Norwegian barrister and politician (1897–1982)

Jens Gram (21 July 1897 – 1982) was a Norwegian barrister and politician.

==Personal life==
He was born in Fredrikstad as a son of chemist Johan Fredrik Gram (1868–1947) and Elisabeth Cappe Schram (1872–1943). He was a nephew of Irma and Mads Gram, paternal grandson of Jens Gram, grandnephew of Andrea Gram and great-great-grandson of Jens Jensen Gram.
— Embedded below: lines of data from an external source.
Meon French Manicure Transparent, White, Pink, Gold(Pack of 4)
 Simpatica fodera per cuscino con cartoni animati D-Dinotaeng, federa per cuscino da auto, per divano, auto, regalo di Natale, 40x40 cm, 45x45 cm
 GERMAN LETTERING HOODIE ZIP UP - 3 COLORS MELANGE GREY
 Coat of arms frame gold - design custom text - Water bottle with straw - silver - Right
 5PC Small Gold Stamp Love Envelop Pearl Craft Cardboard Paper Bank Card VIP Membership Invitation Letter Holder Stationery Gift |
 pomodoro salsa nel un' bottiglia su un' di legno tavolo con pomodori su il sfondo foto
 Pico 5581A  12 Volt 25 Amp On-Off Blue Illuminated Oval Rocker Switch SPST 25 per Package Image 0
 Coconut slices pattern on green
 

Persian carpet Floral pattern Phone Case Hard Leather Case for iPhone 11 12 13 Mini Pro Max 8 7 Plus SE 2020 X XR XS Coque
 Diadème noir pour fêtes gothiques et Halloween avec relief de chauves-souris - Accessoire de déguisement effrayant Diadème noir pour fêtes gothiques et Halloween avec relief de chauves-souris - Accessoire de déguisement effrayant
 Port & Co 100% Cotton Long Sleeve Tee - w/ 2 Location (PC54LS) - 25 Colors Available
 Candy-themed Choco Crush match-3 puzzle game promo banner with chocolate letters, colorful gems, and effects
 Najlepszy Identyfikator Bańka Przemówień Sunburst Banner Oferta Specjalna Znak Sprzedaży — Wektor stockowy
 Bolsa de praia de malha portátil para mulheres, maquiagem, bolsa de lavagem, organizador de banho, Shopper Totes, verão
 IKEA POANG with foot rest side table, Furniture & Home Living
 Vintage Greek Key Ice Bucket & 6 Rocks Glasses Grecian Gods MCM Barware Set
In 1928 he married Antonie Due Lysholm, a daughter of physician Bjarne Lysholm (1861–1939) and Barbara Anker Bachke (1867–1939).

==Career==
He finished his secondary education in 1915, and graduated from the Royal Frederick University with the cand.jur. degree in 1919. He was a deputy judge in Namdal in 1920, magistrate clerk in Kristiania from 1920 to 1922 and then studied in Paris for a year before becoming municipal secretary again. After two years as junior solicitor from 1924 to 1926, he started his own law firm in 1926. He partnered up with Ingar Skavlan and Chr. Blom from 1928, and the firm was later named Blom, Gram og Borch before Gram started on his own again in 1954.

From 1926 to 1946 he was the secretary of the Norges Huseierforbund, also editing their magazine Huseieren until 1940. He was the vice president of the Norwegian Fire Protection Association from 1943 to 1950 (board member since 1931), chaired Selskabet for Oslo Byes Vel from 1953 to 1961 (board member since 1947) and the Oslo branch of the Society for the Preservation of Ancient Norwegian Monuments until 1970. He was a member of Oslo city council from 1948 to 1952, and also a member of several public committees.

He was a supervisory member of Livsforsikringsselskapet Brage-Fram and Forsikringsselskapet Norden.

He was decorated as a Knight, First Class of the Order of the Dannebrog and Knight of the Order of the Polar Star. He died in 1982.